A. E. Waite『The Pictorial Key to the Tarot』(1911年、挿絵 Pamela Colman Smith)より引用。原文はパブリックドメインです。
神話と象徴の由来
玉座の牡羊の頭は牡羊座、手にする笏はエジプトのアンク——十九世紀のエジプト趣味がカードの上に残っています。
図像の史実
現存する実物や文献で裏づけられる
彼と女帝は一対、しかし一組の婚姻ではない
皇帝と女帝は、初期のカードでは対をなす世俗権位像です。ウェイトはわざわざ断っています。この二枚は「その意味を含んではいるものの、正確には婚姻生活の状態を表すのではない」、むしろ「知性の玉座の上の、より高い王権」なのだと。この一対をそのまま父母や夫婦として読むのは、ルネサンスの権位図を家族の図と取り違えることです。
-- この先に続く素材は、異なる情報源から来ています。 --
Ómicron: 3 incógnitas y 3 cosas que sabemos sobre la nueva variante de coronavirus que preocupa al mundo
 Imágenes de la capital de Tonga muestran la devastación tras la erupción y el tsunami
出典 初期イタリア・タロットの対をなす権位像。ウェイト『The Pictorial Key to the Tarot』1911、皇帝の項
秘伝の対応
出典のある伝統的な説だが、秘教体系の内部で構築されたもの
牡羊の頭=牡羊座
ウェイトは、玉座の肘掛けの先端が牡羊の頭であると明記しています。牡羊は牡羊座のしるしで、ゴールデン・ドーンが皇帝に与えた対応もまさに牡羊座(ヘブライ文字 Heh)。そして牡羊座の守護星は火星——ローマの Mars、ギリシアの Ares に当たります。切り開き、号令をかけ、力で秩序を立てる——この一連の語感は、この対応の線を下ってきたものです。
出典 ウェイト『The Pictorial Key to the Tarot』1911、皇帝の項。ゴールデン・ドーン『Book T』の星座対応
アンクと「イシスのヴェールを上げようとする者」
彼が手にする笏を、ウェイトの原文は Crux ansata——柄付き十字、すなわちエジプトの生命のしるしアンクと記しています。同じ段で彼は、皇帝は「イシスのヴェールを上げようと試みる者である。しかし彼女はなお処女のままである」とも書きました。どちらも十九世紀の秘教サークルのエジプト趣味の痕跡です。エジプトの記号は汎用の象徴語彙として借用されているのであって、このカードがエジプト由来だと主張しているのではありません——ウェイトは運命の輪の項で、この線引きをはっきり述べています。
出典 ウェイト『The Pictorial Key to the Tarot』1911、皇帝の項。アンクはエジプトの生命のしるし
現代の解釈
二十世紀以降に広まった読み方で、カードの成り立ちとは無関係
「父親の原型」はユング以後のこと
皇帝を「父親の原型」「父権」と読むのは、二十世紀の深層心理学の語彙によるものです。この読み方は実占では役に立ちますし、「規範を立てる権位」と確かに通じ合ってもいます。しかし原型心理学はユング学派の構築物であって、十五世紀にこのカードを描いた人々とは関係がありません。
出典 現代の通俗的解釈。原型の概念はユング学派の著作を参照
本節は引用ではなく、当サイトが独自にまとめた由来解説です。各項目に信頼度の層を示しています。現代解釈の層はカードの歴史的な成り立ちとは関係ありません。